Let \(\varGamma \) be a distance-regular graph with diameter \(d \ge 2\). It is said to have classical parameters\((d, b, \alpha , \beta )\) when its intersection array \(\{b_0,b_1,\dots ,b_{d-1};c_1,c_2,\dots ,c_d\}\) satisfies $$\begin{aligned} b_i= & {} ([d]_b - [i]_b)(\beta - \alpha [i]_b) \qquad \text {and} \qquad c_{i+1} = [i+1]_b (1 + \alpha [i]_b)\\&\quad (0 \le i \le d-1), \end{aligned}$$ where \([i]_b := 1 + b + \cdots + b^{i-1}\).

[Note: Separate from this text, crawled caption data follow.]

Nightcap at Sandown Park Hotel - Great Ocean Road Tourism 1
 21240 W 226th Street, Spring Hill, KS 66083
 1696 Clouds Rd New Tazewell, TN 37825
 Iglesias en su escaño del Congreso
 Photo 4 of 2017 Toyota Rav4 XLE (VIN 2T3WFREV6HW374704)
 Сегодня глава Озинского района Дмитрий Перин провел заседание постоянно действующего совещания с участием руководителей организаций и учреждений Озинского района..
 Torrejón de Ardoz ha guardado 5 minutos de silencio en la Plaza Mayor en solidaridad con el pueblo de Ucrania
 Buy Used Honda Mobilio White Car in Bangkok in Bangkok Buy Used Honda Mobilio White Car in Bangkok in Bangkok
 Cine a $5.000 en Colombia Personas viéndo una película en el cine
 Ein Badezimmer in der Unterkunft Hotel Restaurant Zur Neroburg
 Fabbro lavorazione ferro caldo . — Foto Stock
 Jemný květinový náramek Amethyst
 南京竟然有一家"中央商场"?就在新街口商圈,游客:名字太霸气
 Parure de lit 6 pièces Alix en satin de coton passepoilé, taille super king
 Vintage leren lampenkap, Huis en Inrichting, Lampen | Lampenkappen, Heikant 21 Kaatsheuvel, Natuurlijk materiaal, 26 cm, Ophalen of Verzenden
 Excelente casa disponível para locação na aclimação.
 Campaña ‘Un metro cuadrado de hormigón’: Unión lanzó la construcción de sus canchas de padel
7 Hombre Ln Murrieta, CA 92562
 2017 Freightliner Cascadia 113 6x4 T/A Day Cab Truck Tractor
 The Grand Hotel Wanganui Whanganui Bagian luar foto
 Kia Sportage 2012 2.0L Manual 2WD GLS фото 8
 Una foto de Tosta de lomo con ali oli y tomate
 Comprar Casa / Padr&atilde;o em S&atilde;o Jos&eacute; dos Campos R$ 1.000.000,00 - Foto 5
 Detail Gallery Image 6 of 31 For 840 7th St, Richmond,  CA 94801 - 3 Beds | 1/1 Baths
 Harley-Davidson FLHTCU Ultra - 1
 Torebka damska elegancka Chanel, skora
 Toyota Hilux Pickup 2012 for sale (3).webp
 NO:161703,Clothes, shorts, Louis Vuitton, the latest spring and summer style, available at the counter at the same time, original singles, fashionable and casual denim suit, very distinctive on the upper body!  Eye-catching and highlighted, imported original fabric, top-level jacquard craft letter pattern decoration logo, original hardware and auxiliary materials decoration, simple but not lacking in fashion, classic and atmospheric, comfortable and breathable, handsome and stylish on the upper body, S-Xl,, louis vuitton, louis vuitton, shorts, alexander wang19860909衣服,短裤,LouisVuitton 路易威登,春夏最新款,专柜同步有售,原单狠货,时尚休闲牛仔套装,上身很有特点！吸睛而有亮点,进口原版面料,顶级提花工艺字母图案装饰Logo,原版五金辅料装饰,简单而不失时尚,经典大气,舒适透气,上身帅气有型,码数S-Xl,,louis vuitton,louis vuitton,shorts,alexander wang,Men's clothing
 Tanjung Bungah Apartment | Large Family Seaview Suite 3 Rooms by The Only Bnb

Apart from the well-known families, there are many sets of classical parameters for which the existence of a corresponding graph is still open. It turns out that in most such cases we have either \(\alpha = b-1\) or \(\alpha = b\). For these two cases, we derive bounds on the parameter \(\beta \), which give us complete classifications when \(b = -2\). Distance-regular graphs with classical parameters are antipodal iff \(b=1\) and \(\beta =1+\alpha [d-1]_b\). If we drop the condition \(b=1\), it turns out that one obtains either bipartite or tight graphs. For the latter graphs, we find closed formulas for the parameters of the CAB partitions and the distance partition corresponding to an edge. Finally, we find a two-parameter family of feasible intersection arrays for tight distance-regular graphs with classical parameters \((d,b,b-1,b^{d-1})\) (primitive iff \(b \ne 1\)) and apply our results to show that it is realized only by d-cubes (\(b = 1\)).